**EXERCISE REQUIREMENTS**
What you write must be the lines from the one holding "So in essence, the" through the final line of the records below, reproduced exactly, minus the pictures.

(Stored items)
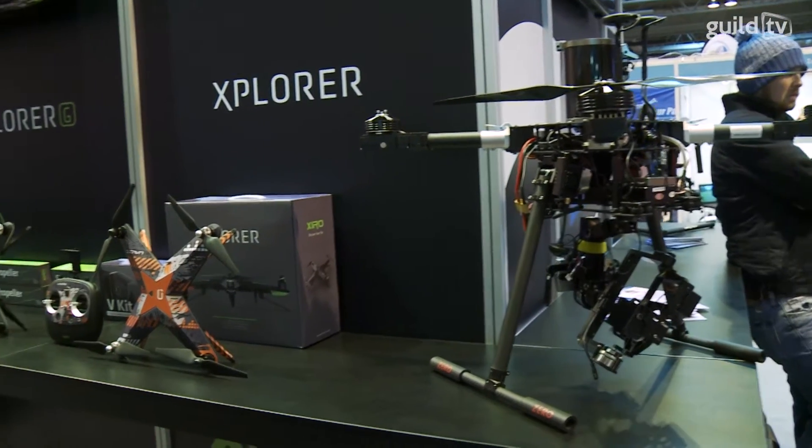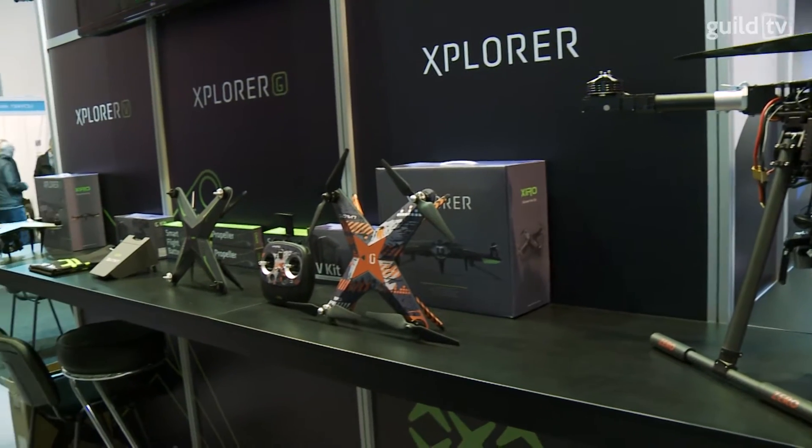They also have commercial machines for broadcast and media use. They carry larger cameras like the Panasonic GH4 — great little machines.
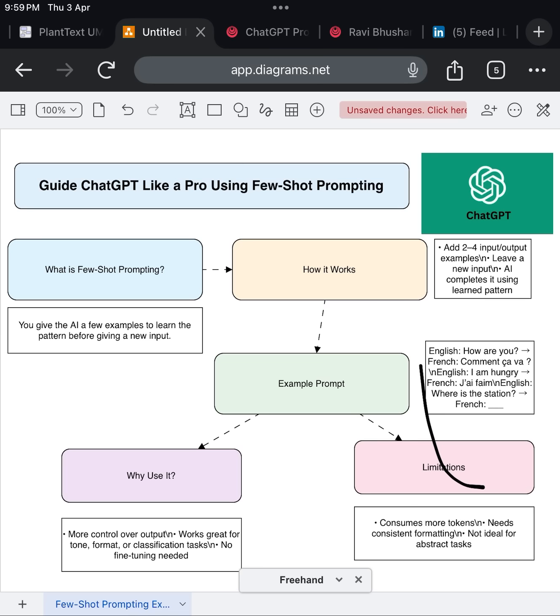So when should you use this? Few-shot prompting works best when the task is a little too specific for zero-shot prompting, where you give no examples at all. It's especially useful for classification, text formatting, tone adjustment, translations, or even generating emails, responses, or summaries in a certain style. The model picks up on your examples and mirrors the logic or tone, like a smart assistant that just gets you.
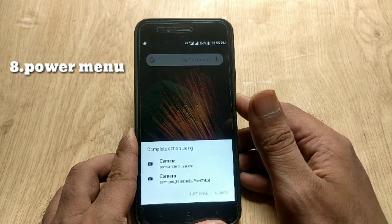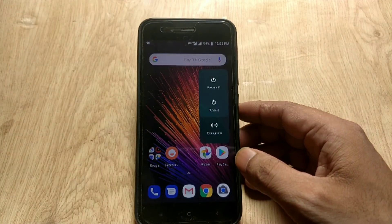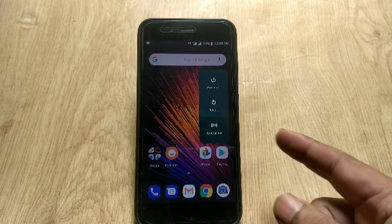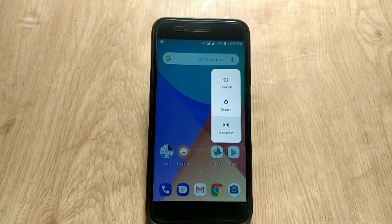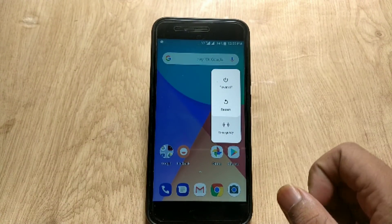The next change is regarding the power menu. Now you can see the power menu in a vertical style instead of horizontal. In my opinion it looks like Android P — it's more convenient and more responsive than before.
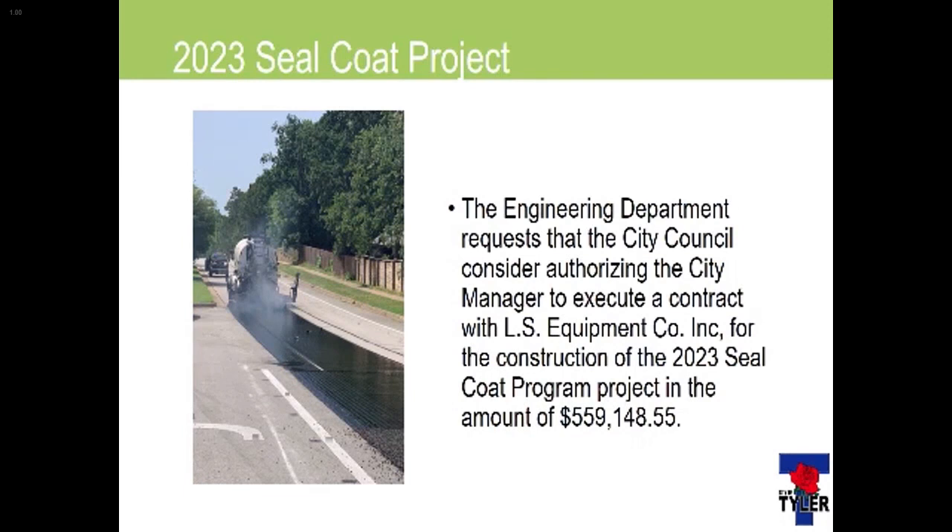So in essence, the engineering department requests that the city council consider authorizing the city manager to execute a contract with LNS Equipment Company for the construction of the 2023 seal coat program project in the amount of $559,148.55.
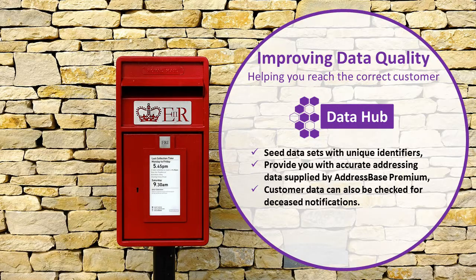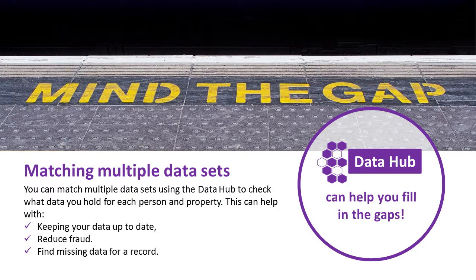The Data Hub can help with seeding data sets with unique identifiers. It can provide accurate addressing data supplied by Address-Based Premium, so you have correctly formatted address data with unique property reference numbers. Your customer data can also be checked for deceased notifications. You can match multiple data sets using the Data Hub to check what data you hold for each person and property, helping to keep your data up to date and reduce fraud. If you're missing some data for a record, the Data Hub can help you fill the gaps.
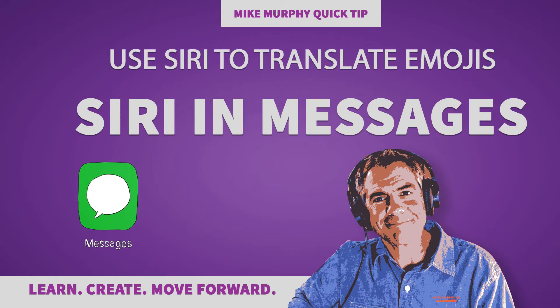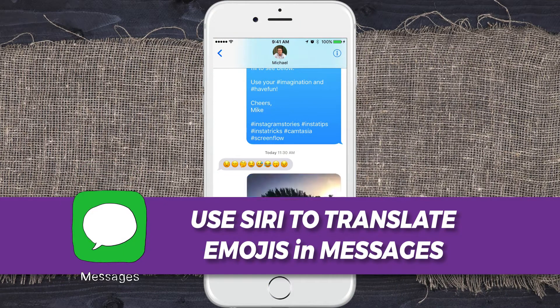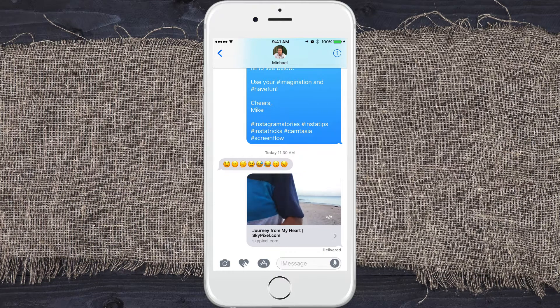Hey folks, it's Mike Murphy and today's quick tip is on your iPhone in the Messages app. This works on your iPad or your iPhone anywhere where you're using Messages. You know those friends that send you a whole bunch of emoticons and you are not sure what message they want to send?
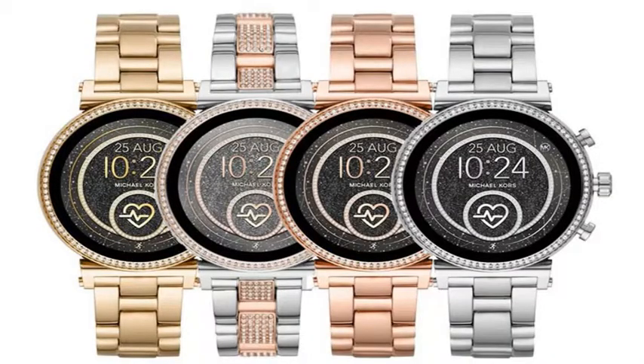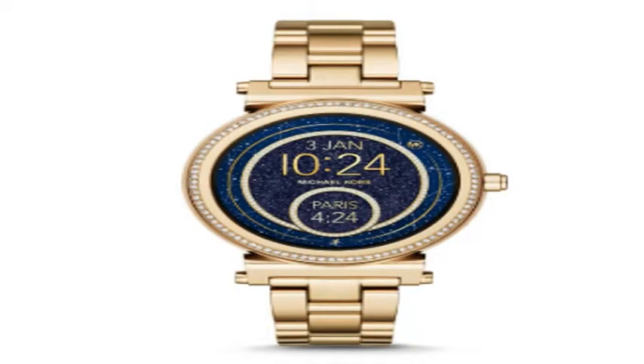Smartwatches made by fashion brands are strong sellers in the Wear OS space. The latest Wear OS smartwatch comes from Michael Kors. This is the 2.0 refresh of the Access Sophie, and there are new features to support fitness. The design itself is refined from the original.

**TASK RESPONSE**
So in essence, the engineering department requests that the city council consider authorizing the city manager to execute a contract with LNS Equipment Company for the construction of the 2023 seal coat program project in the amount of $559,148.55.
The Data Hub can help with seeding data sets with unique identifiers. It can provide accurate addressing data supplied by Address-Based Premium, so you have correctly formatted address data with unique property reference numbers. Your customer data can also be checked for deceased notifications. You can match multiple data sets using the Data Hub to check what data you hold for each person and property, helping to keep your data up to date and reduce fraud. If you're missing some data for a record, the Data Hub can help you fill the gaps.
Hey folks, it's Mike Murphy and today's quick tip is on your iPhone in the Messages app. This works on your iPad or your iPhone anywhere where you're using Messages. You know those friends that send you a whole bunch of emoticons and you are not sure what message they want to send?
Smartwatches made by fashion brands are strong sellers in the Wear OS space. The latest Wear OS smartwatch comes from Michael Kors. This is the 2.0 refresh of the Access Sophie, and there are new features to support fitness. The design itself is refined from the original.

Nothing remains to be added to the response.